Through "Inseparable", it can also be seen that when female friends use letters to each other to tell each other their hearts, it is not just a trivial and meaningless "secret in the boudoir". They will not only express their views on love and marriage, but also think about the meaning of human existence. And their seemingly insignificant hearts, the pain of disillusionment of romantic love, also prove that under the shackles of patriarchy, "uninhibited personality" can also accelerate women's misfortune - because she cannot be satisfied with discipline, but she cannot easily break through the shackles.

In the preface to Inseparable, Beauvoir's adopted daughter claims that Zaza's sudden death dealt a great blow to Beauvoir, "For many years afterwards, Zaza often sneaked into her dreams, wearing a pink visor hat and a sallow face, looking at her with reproachful eyes. In order to resist nothingness and oblivion, she had to resort to literary magic. ”

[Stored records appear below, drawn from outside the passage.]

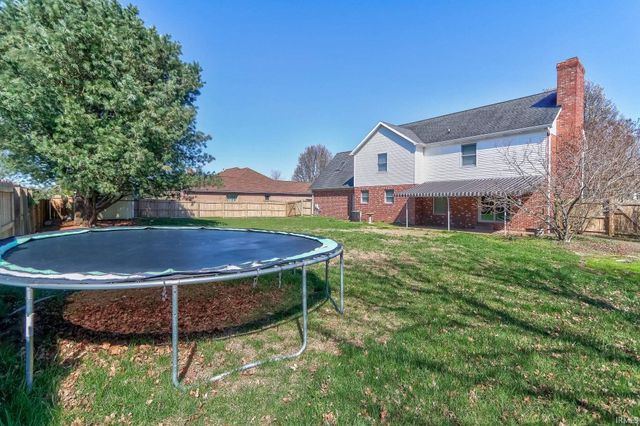 4433 Foxmoor Drive, Newburgh, IN 47630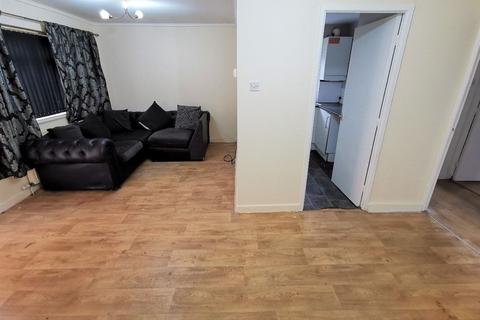 14 Butterwick Close, Manchester, M12 5RA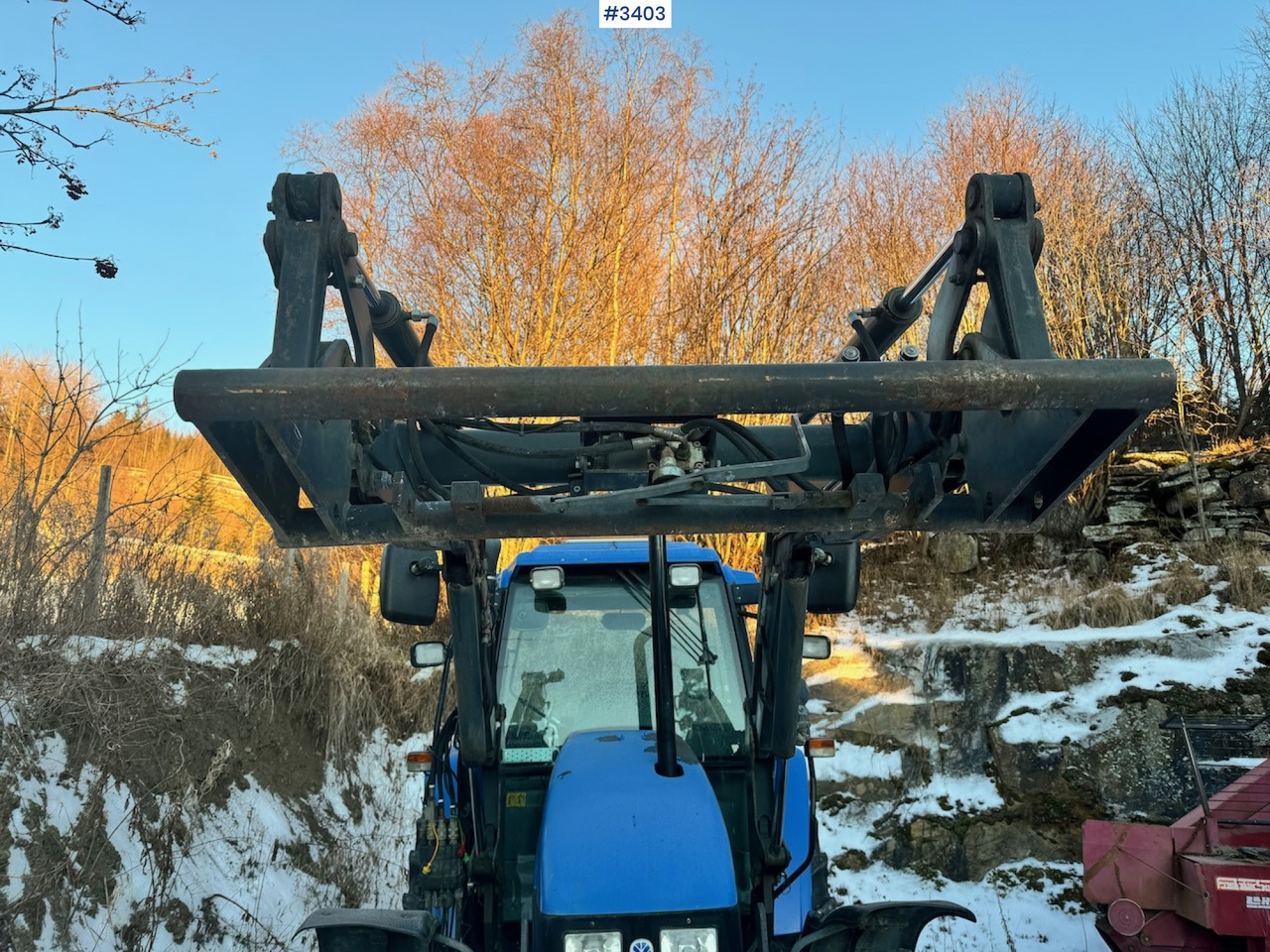 Farm tractor 2003 New Holland TS110 with Front Loader: picture 19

Today, we have re-salvaged "Inseparable" and let it surface on the surface of history, which not only helps us understand the growth trajectory of "academic star" Beauvoir, the traceability of her philosophical ideas and feminist views, but also through the growth process of an "ordinary woman", how they are subject to the discipline of gender roles, how to fight against prejudice and "motherhood", or become survivors, or unfortunately become victims of patriarchy.

How did female friendship shape Beauvoir?

Recent works on "Women's Friendship".

Fortunately, in recent years, more and more works about "female friendship" have entered the public eye. Mitsuyo Kakuda's "Her on the Other Side"; Elena Ferrante's "Neapolitan Tetralogy", Sally Rooney's "Chat History", and Beauvoir's "Inseparable", all cobbled together a literary map of "female friendship". This kind of writing enriches the image of women, illuminating the subtle and hidden side of women's lives, but also seeing their vastness and complexity.